[Caption-style text data]
_ _ _

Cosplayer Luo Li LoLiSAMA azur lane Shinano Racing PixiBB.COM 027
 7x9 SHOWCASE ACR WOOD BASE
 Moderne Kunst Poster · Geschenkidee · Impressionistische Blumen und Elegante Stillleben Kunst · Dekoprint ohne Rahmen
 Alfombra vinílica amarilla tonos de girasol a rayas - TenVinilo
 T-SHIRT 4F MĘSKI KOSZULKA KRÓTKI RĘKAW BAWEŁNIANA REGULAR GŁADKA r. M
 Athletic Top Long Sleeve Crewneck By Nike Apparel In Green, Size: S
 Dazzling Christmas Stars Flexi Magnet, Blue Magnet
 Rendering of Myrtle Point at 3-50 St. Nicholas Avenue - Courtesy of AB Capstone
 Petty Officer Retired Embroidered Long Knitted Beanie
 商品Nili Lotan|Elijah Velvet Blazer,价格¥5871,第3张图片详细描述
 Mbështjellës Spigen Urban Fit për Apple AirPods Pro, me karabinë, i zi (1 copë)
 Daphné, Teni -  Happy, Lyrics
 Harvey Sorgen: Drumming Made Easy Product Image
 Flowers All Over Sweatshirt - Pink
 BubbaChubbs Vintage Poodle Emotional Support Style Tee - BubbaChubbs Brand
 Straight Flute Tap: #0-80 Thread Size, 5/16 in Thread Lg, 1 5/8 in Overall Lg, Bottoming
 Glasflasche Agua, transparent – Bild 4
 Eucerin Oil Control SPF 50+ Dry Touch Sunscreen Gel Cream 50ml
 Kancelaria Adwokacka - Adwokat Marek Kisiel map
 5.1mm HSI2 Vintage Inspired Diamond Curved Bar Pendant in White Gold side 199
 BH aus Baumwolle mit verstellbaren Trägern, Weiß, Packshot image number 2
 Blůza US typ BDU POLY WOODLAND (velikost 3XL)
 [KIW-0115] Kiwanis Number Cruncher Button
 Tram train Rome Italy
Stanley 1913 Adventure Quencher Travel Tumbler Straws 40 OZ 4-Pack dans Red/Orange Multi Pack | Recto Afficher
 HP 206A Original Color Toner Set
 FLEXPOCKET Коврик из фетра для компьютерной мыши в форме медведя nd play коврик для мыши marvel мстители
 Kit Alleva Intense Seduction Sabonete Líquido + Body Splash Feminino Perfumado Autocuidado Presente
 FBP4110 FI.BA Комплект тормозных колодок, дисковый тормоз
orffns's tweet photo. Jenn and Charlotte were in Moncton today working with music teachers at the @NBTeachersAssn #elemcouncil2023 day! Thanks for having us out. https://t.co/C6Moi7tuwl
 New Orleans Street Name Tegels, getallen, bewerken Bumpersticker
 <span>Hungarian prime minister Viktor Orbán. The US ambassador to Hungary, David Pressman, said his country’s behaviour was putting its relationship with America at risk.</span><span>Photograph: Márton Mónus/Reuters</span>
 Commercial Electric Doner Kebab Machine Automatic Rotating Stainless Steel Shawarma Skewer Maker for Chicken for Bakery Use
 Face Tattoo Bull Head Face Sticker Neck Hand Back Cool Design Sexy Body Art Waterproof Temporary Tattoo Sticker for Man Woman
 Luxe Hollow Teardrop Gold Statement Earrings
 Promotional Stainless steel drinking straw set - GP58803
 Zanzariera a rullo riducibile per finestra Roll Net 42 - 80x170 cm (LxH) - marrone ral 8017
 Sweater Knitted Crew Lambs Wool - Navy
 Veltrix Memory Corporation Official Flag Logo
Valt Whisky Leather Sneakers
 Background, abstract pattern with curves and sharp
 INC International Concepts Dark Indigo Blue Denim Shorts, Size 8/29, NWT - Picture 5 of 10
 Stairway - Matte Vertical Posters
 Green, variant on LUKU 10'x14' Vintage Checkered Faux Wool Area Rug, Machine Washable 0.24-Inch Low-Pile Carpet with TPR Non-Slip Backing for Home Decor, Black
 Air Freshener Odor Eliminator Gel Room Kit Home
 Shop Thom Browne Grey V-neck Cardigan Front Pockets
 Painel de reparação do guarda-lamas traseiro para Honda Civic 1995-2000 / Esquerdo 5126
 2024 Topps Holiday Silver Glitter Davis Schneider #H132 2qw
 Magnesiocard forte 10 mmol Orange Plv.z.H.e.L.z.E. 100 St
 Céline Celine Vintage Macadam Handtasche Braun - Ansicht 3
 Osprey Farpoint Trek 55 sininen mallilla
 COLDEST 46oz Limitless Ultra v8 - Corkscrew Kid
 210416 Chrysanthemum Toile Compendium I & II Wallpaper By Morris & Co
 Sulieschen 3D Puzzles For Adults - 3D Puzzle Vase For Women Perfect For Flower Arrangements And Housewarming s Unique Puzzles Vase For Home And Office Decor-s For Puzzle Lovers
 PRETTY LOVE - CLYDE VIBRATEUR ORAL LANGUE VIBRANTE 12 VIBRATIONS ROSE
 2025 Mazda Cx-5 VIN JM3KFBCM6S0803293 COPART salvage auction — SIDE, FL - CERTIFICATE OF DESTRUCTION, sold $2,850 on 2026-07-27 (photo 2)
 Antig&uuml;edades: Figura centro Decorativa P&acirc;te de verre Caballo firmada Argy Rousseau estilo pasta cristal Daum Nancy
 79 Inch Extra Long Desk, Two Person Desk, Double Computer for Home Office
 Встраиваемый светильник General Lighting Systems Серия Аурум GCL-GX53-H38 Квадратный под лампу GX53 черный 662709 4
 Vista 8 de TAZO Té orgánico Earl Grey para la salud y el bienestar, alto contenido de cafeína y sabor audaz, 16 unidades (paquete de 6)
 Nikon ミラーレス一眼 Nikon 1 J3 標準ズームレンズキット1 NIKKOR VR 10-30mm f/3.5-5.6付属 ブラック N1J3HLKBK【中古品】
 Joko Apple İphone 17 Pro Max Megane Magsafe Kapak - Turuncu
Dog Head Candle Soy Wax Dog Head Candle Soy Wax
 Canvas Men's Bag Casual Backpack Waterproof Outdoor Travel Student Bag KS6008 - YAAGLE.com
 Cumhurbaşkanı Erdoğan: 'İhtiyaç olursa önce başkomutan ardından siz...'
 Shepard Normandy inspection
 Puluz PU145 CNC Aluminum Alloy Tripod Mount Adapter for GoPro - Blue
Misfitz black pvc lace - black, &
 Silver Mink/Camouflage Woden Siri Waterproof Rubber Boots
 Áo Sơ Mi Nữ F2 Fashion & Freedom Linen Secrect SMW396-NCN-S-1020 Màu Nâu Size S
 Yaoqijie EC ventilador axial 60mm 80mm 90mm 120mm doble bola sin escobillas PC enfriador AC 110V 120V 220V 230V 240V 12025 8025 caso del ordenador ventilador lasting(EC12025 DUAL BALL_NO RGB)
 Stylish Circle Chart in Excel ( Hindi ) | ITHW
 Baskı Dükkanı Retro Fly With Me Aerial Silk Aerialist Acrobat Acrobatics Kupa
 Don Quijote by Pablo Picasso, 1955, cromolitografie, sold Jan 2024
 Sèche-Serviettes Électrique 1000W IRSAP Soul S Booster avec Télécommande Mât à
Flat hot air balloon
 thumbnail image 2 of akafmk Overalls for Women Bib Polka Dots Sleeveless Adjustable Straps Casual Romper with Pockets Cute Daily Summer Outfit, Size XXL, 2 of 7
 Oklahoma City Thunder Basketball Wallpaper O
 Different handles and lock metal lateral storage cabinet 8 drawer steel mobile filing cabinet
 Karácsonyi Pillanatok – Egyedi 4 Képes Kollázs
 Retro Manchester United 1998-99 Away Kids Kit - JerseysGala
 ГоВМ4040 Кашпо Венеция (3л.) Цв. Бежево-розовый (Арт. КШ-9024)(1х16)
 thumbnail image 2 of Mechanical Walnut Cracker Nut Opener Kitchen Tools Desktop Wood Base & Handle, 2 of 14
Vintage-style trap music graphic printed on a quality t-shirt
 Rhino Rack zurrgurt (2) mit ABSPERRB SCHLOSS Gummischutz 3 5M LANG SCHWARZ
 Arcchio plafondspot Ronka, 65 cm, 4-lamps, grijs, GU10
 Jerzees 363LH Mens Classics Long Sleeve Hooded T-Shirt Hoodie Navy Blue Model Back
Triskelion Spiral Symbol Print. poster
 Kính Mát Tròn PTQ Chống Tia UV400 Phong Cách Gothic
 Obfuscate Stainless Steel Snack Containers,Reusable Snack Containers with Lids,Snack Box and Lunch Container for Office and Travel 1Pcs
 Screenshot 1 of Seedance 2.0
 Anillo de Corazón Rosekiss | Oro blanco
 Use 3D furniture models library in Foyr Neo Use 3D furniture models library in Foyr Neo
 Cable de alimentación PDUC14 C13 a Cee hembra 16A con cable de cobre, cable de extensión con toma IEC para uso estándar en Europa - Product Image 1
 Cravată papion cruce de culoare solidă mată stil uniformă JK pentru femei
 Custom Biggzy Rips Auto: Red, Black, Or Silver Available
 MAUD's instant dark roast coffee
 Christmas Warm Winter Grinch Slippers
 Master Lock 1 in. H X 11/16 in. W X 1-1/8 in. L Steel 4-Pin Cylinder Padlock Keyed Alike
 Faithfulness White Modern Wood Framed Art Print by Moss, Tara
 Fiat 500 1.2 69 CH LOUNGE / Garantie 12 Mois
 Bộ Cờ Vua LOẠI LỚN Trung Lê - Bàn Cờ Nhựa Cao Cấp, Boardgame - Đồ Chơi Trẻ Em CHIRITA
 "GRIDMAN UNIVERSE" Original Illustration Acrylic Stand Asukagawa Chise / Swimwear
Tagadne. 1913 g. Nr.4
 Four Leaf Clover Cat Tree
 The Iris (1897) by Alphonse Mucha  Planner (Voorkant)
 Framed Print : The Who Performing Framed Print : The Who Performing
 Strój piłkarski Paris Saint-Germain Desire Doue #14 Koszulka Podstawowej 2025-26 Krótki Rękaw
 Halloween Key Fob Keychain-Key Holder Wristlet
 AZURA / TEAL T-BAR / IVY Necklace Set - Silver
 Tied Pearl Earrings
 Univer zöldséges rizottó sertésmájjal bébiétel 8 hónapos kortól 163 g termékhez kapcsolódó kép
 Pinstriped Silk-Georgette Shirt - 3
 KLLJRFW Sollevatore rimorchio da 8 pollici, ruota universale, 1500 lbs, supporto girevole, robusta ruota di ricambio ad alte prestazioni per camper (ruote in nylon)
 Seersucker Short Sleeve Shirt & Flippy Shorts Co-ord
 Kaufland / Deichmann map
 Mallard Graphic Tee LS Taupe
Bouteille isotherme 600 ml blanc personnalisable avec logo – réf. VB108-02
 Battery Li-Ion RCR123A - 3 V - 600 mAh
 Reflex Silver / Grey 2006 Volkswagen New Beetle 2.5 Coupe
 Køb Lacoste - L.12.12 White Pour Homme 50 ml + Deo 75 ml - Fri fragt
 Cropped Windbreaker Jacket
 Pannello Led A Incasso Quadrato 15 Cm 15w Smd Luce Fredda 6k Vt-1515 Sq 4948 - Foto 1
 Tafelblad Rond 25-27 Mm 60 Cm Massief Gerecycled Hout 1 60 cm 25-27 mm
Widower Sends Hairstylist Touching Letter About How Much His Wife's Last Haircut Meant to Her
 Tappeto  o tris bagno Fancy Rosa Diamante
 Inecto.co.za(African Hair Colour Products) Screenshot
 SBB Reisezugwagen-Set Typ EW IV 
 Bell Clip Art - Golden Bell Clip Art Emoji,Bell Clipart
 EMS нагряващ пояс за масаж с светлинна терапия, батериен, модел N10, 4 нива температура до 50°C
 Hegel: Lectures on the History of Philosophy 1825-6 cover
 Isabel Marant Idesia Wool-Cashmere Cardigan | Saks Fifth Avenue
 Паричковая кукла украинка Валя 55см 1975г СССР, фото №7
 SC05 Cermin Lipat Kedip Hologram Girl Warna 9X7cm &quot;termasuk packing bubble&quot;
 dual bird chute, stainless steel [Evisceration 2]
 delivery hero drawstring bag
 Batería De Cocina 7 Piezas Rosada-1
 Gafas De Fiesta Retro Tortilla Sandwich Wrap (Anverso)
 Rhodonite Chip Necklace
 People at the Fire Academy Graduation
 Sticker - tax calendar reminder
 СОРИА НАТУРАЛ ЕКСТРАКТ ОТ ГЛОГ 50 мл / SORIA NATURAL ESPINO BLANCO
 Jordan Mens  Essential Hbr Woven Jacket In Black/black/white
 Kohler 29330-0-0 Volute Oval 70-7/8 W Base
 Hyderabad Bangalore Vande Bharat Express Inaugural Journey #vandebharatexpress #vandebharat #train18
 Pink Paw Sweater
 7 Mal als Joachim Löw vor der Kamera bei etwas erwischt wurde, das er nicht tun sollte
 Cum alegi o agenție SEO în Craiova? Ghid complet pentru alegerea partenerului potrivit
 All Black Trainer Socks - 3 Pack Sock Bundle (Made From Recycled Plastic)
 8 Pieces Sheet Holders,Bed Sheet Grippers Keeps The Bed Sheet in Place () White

_ _ _

Task details: When the line with "MAUD's instant dark roast coffee" is reached in the data above, start copying there, and copy each line exactly until the line with "Halloween Key Fob" has been copied; copy nothing else.

Response:
 MAUD's instant dark roast coffee
 Christmas Warm Winter Grinch Slippers
 Master Lock 1 in. H X 11/16 in. W X 1-1/8 in. L Steel 4-Pin Cylinder Padlock Keyed Alike
 Faithfulness White Modern Wood Framed Art Print by Moss, Tara
 Fiat 500 1.2 69 CH LOUNGE / Garantie 12 Mois
 Bộ Cờ Vua LOẠI LỚN Trung Lê - Bàn Cờ Nhựa Cao Cấp, Boardgame - Đồ Chơi Trẻ Em CHIRITA
 "GRIDMAN UNIVERSE" Original Illustration Acrylic Stand Asukagawa Chise / Swimwear
Tagadne. 1913 g. Nr.4
 Four Leaf Clover Cat Tree
 The Iris (1897) by Alphonse Mucha  Planner (Voorkant)
 Framed Print : The Who Performing Framed Print : The Who Performing
 Strój piłkarski Paris Saint-Germain Desire Doue #14 Koszulka Podstawowej 2025-26 Krótki Rękaw
 Halloween Key Fob Keychain-Key Holder Wristlet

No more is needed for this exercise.